For example, the PEV value for EM1 may be determined by computing the sum of products of [(CECI_1)×(CRV1)] and [(MCECI_1)×(CDV1)] and that of EM2 may be computed as [(CECI_2)×(CRV2)]+[(MCECI_2)×(CDV2)]. In one embodiment, the optimization block 280 may determine the best suited execution mode (EM) based on the PEVs. In one embodiment, the optimization block 280 may select EM1 if the PEV1 of EM1 is less than the PEV2 of the EM2. In one embodiment, the optimization block 280 may select the cloud device 150-A to perform the tasks if the cloud-device 150-A indicates that the cloud processing device 152 is running on low workloads. In one embodiment, the optimization block 280 may determine the PEV for performing the tasks on the cloud device 150-A and the optimization block 280 may select the cloud device 150-A to perform the tasks if the PEV for the cloud device 150-A is less than PEVs for the execution modes (EM) in the CCD 110-A.

In the above example, the optimization block 280 is depicted outside the hardware platform 201; however, the optimization block 280 may be realized using hardware logic, or software logic, or a combination of hardware and software and firmware logic.

An embodiment of a platform 300 used in the cloud device 150 to support energy aware information processing framework for computation and communication devices (CCDs) coupled to a cloud is illustrated in FIG. 3. In one embodiment, the platform 300 may be similar to the platform 200 and only the differences between the platform 200 and 300 are described here for brevity. In one embodiment, the hardware platform 301, operating system 390, applications layer 395 may be substantially similar to the hardware platform 201, operating system 290, and the applications layer 295, respectively.
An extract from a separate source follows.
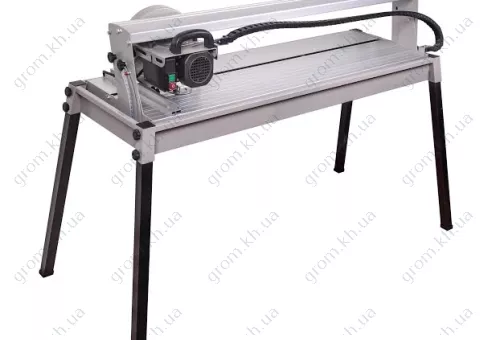 Фото 1- Плиткорезный станок Элпром ЭПС-1020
In one embodiment, the cloud processing device CPD 152 may include an energy aware load balancing block 399, which may assess the workload on the cloud processing device CPD 152. In one embodiment, the assessment made by the energy aware load balancing block 399 may be provided to the CCD 110-A. In one embodiment, the assessment made by the energy aware load balancing block 399 may be used by the CCD 110-A to determine if the tasks may be offloaded to the cloud processing device CPD 152 as described above.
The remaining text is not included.